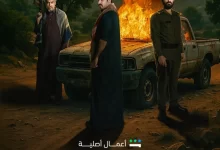 قصة مسلسل الضارية السعودي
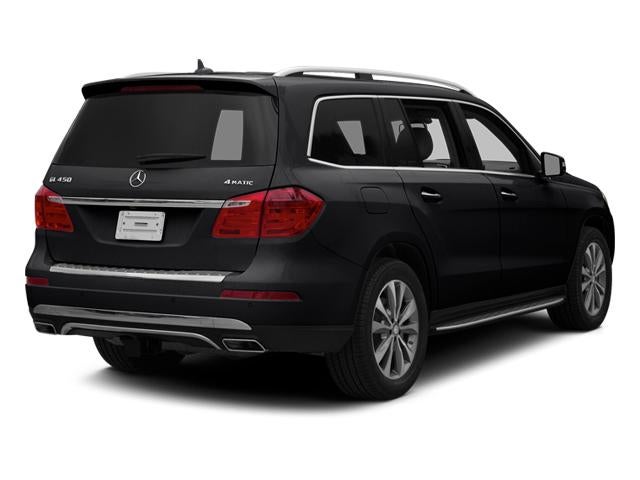 2013 Mercedes-Benz GL-Class GL 450 SUV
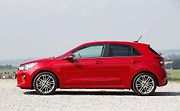 Kia Rio.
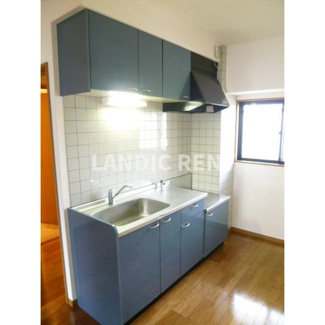 【キッチン】 | 第17川崎ビル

* Task to carry out *
You are asked to reproduce each line above exactly, but to exclude the pictures.

* Response to the exercise *
 قصة مسلسل الضارية السعودي
 2013 Mercedes-Benz GL-Class GL 450 SUV
 Kia Rio.
 【キッチン】 | 第17川崎ビル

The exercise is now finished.